**WHAT YOU WILL DO:** All lines from the one with "Fabriano EcoQua Original" through the final line below are to be reproduced exactly; omit the others.

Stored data
· · ·
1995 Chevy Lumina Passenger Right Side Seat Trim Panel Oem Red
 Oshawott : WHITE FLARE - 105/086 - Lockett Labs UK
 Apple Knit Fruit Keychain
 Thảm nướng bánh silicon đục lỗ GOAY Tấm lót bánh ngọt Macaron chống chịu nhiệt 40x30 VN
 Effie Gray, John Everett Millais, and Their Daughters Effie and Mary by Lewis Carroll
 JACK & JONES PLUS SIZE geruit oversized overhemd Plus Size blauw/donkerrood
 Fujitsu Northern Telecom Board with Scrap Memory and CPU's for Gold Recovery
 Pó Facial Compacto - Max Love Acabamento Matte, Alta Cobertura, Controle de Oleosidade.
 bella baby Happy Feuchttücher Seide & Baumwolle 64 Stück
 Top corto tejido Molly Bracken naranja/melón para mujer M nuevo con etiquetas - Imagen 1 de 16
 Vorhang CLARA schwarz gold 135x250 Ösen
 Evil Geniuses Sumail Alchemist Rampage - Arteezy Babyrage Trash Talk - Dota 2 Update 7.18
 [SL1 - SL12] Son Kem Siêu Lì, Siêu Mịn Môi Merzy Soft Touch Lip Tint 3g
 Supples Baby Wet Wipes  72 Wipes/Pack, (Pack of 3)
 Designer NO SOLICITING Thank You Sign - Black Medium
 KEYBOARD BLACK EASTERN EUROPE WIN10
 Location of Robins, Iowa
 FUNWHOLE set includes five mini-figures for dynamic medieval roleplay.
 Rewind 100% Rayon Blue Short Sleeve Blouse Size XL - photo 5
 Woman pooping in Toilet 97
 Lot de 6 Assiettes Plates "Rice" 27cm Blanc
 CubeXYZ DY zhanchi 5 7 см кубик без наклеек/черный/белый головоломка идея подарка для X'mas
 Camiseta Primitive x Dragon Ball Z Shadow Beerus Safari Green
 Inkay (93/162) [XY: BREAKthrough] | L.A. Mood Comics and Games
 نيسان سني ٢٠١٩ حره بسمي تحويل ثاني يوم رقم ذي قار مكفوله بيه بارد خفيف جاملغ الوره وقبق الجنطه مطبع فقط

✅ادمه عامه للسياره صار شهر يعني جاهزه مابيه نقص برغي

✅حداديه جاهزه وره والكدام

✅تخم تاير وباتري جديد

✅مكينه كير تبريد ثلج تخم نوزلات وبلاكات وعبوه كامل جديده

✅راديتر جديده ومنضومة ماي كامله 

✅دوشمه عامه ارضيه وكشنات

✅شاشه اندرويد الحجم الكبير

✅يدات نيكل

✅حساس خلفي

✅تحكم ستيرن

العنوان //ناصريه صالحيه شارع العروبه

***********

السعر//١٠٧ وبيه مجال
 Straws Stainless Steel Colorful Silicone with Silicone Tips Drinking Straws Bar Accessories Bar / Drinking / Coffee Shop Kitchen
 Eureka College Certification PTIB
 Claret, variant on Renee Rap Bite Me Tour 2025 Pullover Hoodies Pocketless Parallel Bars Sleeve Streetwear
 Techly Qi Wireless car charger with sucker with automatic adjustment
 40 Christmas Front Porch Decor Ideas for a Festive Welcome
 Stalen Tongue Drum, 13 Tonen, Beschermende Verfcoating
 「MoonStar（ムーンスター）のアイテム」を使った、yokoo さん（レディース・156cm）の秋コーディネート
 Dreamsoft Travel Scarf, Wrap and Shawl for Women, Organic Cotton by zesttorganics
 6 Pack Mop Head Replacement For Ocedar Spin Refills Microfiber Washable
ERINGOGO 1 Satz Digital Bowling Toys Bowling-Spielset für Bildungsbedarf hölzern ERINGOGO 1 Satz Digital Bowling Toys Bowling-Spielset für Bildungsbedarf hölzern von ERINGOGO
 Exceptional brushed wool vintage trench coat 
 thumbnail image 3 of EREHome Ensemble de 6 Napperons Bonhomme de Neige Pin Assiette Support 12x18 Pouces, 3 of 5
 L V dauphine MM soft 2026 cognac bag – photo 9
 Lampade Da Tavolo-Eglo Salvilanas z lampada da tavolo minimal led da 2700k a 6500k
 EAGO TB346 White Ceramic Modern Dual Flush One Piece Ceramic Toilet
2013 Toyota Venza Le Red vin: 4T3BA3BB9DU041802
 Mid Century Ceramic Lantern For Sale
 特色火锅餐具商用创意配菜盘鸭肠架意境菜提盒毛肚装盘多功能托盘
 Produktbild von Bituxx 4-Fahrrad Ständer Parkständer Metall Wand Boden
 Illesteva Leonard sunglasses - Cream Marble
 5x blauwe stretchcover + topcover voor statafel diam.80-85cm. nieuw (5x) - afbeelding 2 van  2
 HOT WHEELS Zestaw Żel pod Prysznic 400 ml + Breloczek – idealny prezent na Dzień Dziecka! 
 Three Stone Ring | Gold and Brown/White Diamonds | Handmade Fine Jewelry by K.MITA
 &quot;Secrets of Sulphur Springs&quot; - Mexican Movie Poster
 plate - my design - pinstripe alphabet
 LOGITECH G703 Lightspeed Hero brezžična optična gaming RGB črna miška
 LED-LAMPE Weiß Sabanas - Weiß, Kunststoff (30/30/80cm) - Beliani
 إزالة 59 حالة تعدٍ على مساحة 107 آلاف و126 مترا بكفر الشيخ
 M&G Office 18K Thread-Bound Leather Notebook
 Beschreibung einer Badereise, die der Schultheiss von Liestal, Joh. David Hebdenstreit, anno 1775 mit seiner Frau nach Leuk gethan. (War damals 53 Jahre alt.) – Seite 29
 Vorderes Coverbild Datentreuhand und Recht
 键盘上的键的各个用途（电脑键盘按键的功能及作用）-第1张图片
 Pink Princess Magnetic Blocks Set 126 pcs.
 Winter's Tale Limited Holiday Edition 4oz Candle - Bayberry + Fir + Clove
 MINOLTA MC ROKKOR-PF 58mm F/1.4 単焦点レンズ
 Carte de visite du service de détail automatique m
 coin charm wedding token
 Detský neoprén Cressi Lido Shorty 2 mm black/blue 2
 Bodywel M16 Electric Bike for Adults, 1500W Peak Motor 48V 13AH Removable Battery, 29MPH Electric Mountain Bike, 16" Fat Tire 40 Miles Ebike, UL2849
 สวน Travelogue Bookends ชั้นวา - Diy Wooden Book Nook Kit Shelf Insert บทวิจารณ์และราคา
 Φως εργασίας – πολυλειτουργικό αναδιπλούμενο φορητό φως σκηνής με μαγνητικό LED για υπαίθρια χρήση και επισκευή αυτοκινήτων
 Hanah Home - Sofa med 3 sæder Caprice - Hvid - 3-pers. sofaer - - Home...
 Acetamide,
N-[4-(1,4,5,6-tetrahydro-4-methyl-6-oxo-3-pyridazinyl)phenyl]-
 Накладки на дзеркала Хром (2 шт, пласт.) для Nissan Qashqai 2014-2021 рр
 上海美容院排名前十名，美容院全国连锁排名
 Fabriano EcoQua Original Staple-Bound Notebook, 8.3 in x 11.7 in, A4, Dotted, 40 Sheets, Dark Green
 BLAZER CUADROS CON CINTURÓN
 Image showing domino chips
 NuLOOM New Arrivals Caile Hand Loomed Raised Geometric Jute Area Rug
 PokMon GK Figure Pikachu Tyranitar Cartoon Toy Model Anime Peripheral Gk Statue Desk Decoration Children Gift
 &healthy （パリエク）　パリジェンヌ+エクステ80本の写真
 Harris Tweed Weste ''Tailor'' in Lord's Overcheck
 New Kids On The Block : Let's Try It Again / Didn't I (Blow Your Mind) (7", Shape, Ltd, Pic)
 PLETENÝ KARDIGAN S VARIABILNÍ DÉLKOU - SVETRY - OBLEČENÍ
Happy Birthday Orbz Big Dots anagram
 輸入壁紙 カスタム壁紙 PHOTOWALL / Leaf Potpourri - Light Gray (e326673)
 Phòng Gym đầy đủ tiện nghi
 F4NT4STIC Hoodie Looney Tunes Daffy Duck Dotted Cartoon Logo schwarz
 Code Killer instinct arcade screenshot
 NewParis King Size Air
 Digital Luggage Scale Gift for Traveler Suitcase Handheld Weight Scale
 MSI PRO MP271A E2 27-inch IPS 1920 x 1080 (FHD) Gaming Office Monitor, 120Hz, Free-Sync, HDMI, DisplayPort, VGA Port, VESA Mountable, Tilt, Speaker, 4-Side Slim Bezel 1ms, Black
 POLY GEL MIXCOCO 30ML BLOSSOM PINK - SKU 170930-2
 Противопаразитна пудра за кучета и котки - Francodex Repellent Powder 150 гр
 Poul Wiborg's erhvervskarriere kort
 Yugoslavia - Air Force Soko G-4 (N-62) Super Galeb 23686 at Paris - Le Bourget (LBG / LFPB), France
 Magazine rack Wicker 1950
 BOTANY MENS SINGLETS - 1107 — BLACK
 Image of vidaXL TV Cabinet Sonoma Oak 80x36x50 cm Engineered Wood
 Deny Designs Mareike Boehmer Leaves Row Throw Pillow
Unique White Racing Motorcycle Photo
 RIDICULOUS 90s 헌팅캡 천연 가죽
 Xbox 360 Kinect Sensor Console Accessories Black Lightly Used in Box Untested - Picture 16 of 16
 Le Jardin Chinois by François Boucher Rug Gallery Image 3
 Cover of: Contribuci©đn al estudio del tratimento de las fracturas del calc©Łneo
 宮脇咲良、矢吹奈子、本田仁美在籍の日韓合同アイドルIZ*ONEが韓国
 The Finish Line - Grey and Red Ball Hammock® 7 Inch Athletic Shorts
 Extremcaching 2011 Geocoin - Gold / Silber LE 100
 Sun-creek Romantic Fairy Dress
· · ·
**EXPECTED ANSWER:**
 Fabriano EcoQua Original Staple-Bound Notebook, 8.3 in x 11.7 in, A4, Dotted, 40 Sheets, Dark Green
 BLAZER CUADROS CON CINTURÓN
 Image showing domino chips
 NuLOOM New Arrivals Caile Hand Loomed Raised Geometric Jute Area Rug
 PokMon GK Figure Pikachu Tyranitar Cartoon Toy Model Anime Peripheral Gk Statue Desk Decoration Children Gift
 &healthy （パリエク）　パリジェンヌ+エクステ80本の写真
 Harris Tweed Weste ''Tailor'' in Lord's Overcheck
 New Kids On The Block : Let's Try It Again / Didn't I (Blow Your Mind) (7", Shape, Ltd, Pic)
 PLETENÝ KARDIGAN S VARIABILNÍ DÉLKOU - SVETRY - OBLEČENÍ
Happy Birthday Orbz Big Dots anagram
 輸入壁紙 カスタム壁紙 PHOTOWALL / Leaf Potpourri - Light Gray (e326673)
 Phòng Gym đầy đủ tiện nghi
 F4NT4STIC Hoodie Looney Tunes Daffy Duck Dotted Cartoon Logo schwarz
 Code Killer instinct arcade screenshot
 NewParis King Size Air
 Digital Luggage Scale Gift for Traveler Suitcase Handheld Weight Scale
 MSI PRO MP271A E2 27-inch IPS 1920 x 1080 (FHD) Gaming Office Monitor, 120Hz, Free-Sync, HDMI, DisplayPort, VGA Port, VESA Mountable, Tilt, Speaker, 4-Side Slim Bezel 1ms, Black
 POLY GEL MIXCOCO 30ML BLOSSOM PINK - SKU 170930-2
 Противопаразитна пудра за кучета и котки - Francodex Repellent Powder 150 гр
 Poul Wiborg's erhvervskarriere kort
 Yugoslavia - Air Force Soko G-4 (N-62) Super Galeb 23686 at Paris - Le Bourget (LBG / LFPB), France
 Magazine rack Wicker 1950
 BOTANY MENS SINGLETS - 1107 — BLACK
 Image of vidaXL TV Cabinet Sonoma Oak 80x36x50 cm Engineered Wood
 Deny Designs Mareike Boehmer Leaves Row Throw Pillow
Unique White Racing Motorcycle Photo
 RIDICULOUS 90s 헌팅캡 천연 가죽
 Xbox 360 Kinect Sensor Console Accessories Black Lightly Used in Box Untested - Picture 16 of 16
 Le Jardin Chinois by François Boucher Rug Gallery Image 3
 Cover of: Contribuci©đn al estudio del tratimento de las fracturas del calc©Łneo
 宮脇咲良、矢吹奈子、本田仁美在籍の日韓合同アイドルIZ*ONEが韓国
 The Finish Line - Grey and Red Ball Hammock® 7 Inch Athletic Shorts
 Extremcaching 2011 Geocoin - Gold / Silber LE 100
 Sun-creek Romantic Fairy Dress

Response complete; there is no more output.